Hi All,

93

Again reading in HPB's Isis Unveiled, Vol. II, Cap. 10; some interesting insight into the existence of the messianic tradition in several cultures.

Avatars or incarnations were common to the old religions. India had them reduced to a system. The Persians expected Sosiosh, and the Jewish writers looked for a deliverer. Tacitus and Suetonius relate that the East was full of expectation of the Great Personage about the time of Octavius. "Thus doctrines obvious to Christians were the highest arcana of Paganism." The Maneros of Plutarch was a child of Palestine; his mediator Mithras, the Saviour Osiris is the Messiah. In our present "Canonical Scriptures" are to be traced the vestigia of the ancient worships; and in the rites and ceremonies of the Roman Catholic Church we find the forms of the Buddhistical worship, its ceremonies and hierarchy. The first Gospels, once as canonical as any of the present four, contain pages taken almost entire from Buddhistical narratives, as we are prepared to show. After the evidence furnished by Burnouf, Asoma, Korosi, Beal, Hardy, Schmidt, and translations from the Tripitaka, it is impossible to doubt that the whole Christian scheme emanated from the other. The "Miraculous Conception" miracles and other incidents are found in full in Hardy's Manual of Buddhism. We can readily realize why the Roman Catholic Church is anxious to keep the common people in utter ignorance of the Hebrew Bible and the Greek literature. Philology and comparative Theology are her deadliest enemies. The deliberate falsifications of Irenaeus, Epiphanius, Eusebius and Tertullian had become a necessity.

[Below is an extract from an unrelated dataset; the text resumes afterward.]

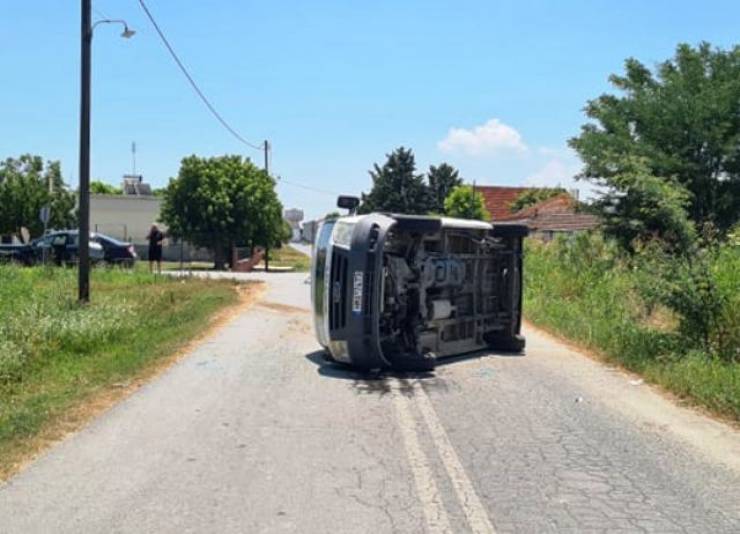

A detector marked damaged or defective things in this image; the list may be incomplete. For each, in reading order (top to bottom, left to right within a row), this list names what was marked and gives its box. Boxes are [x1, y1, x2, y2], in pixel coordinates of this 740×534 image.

cracked asphalt [1, 274, 740, 532]
overturned vehicle [310, 199, 528, 370]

Though the Jews were looking for a Messiah around the time that Christianity originated, Christianity did not really borrow its ideology directly from them, as a fulfillment of their scriptures. Rather, there was more a common resonance as we can easily infer from what Blavatsky is saying; this being more appropriate because even the Hebrew scriptures shared in this commonality, here, with Buddhist doctrine, but also with Hindu doctrine and that of other cultures as well.

The Sibylline Books at that period seem to have been regarded with extraordinary favor. One can easily perceive that they were inspired from the same source as those of the Gentile nations.

Here is a leaf from Gallaeus:

"New Light has arisen:
Coming from Heaven, it assumed a mortal form. . . .
-- Virgin, receive God in thy pure bosom --
And the Word flew into her womb:
Becoming incarnate in Time, and animated by her body,
It was found in a mortal image, and a Boy was created
By a Virgin. . . . The new God-sent Star was adored by the Magi,
The infant swathed was shown in a manger. . . .
And Bethlehem was called "God-called country of the Word."

This looks at first-sight like a prophecy of Jesus. But could it not mean as well some other creative God? We have like utterances concerning Bacchus and Mithras.

"I, son of Deus, am come to the land of the Thebans -- Bacchus, whom formerly Semele (the Virgin), the daughter of Kadmus (the man from the East) brings forth -- being delivered by the lightning-bearing flame; and having taken a mortal form instead of God's, I have arrived."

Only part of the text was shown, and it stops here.